Du côté de l’Etat, on a le sentiment du devoir accompli. Le directeur général de l’énergie et du climat, Laurent Michel, rappelle qu’avec la loi énergie-climat, la stratégie nationale bas carbone et la programmation pluriannuelle de l’énergie, le cap et les modalités de l’action sont fixés. Paris a fait son job: aux régions, départements, intercommunalités et communes de faire le leur. «L’action la plus utile est l’action au niveau local. Et pour qu’elle soit la plus efficace, je suis favorable à ce que les collectivités disposent d’une sorte de subsidiarité», renchérit le président de l’Agence de l’environnement et de la maitrise de l’énergie (Ademe), Arnaud Leroy.

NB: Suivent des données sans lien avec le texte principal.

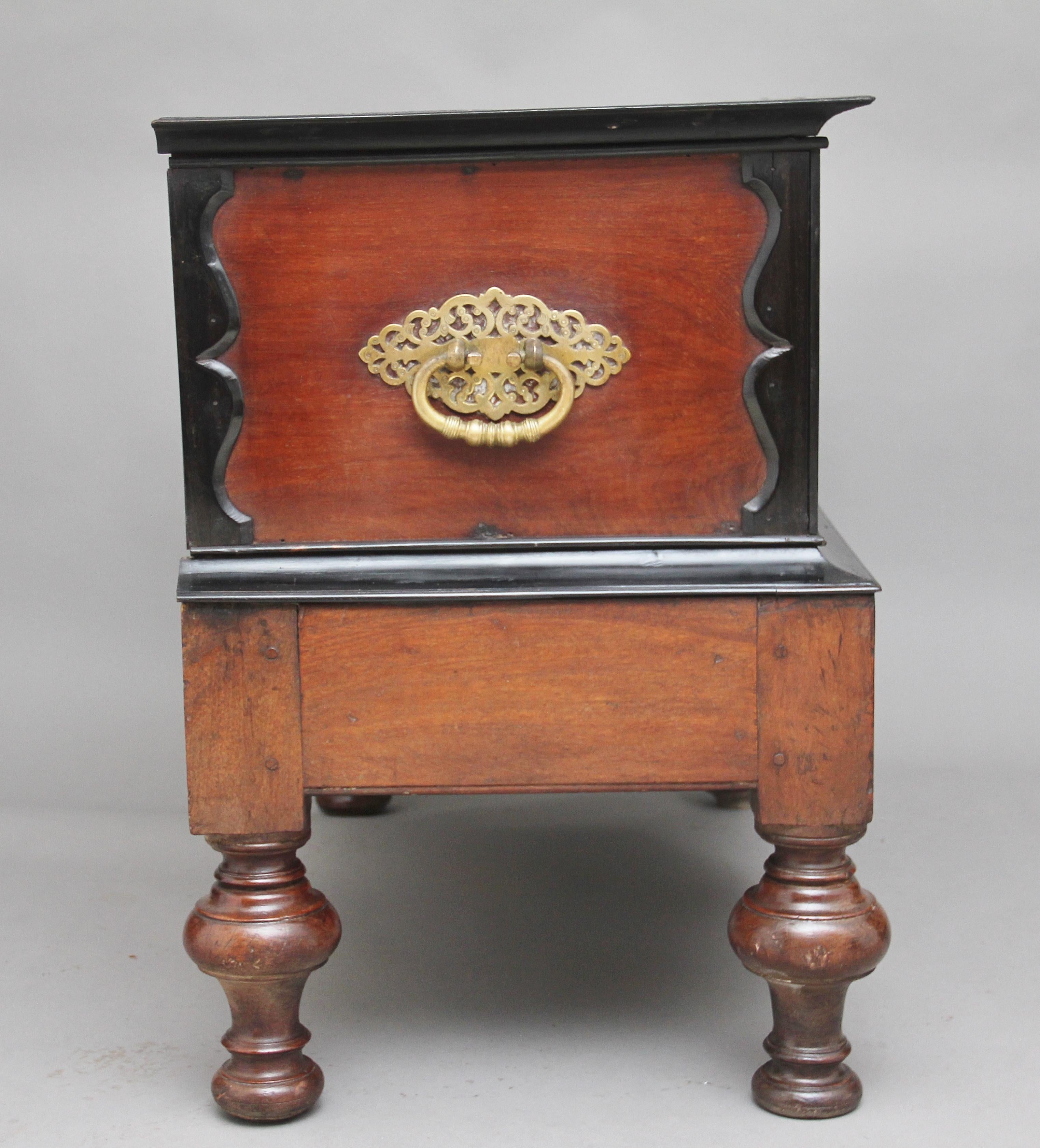 Early 19th Century teak and ebony chest 2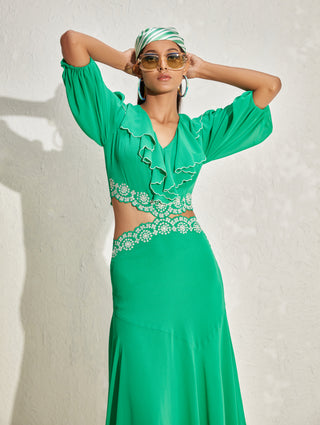 Namrata Joshipura-Kelly Green Cut-Out Dress-INDIASPOPUP.COM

Plus facile à dire qu’à faire, répondent en substance les élus. «Il y a une déconnection entre les politiques nationales et les Sraddet[1]», répond Eric Fournier. Comme nombre de ses collègues, le vice-président du conseil régional d’Auvergne-Rhône-Alpes, déplore l’inadéquation entre le rôle donné par l’Etat aux régions (les cheffes de file de la politique climatique territoriale) et les moyens octroyés par les pouvoirs publics aux territoires.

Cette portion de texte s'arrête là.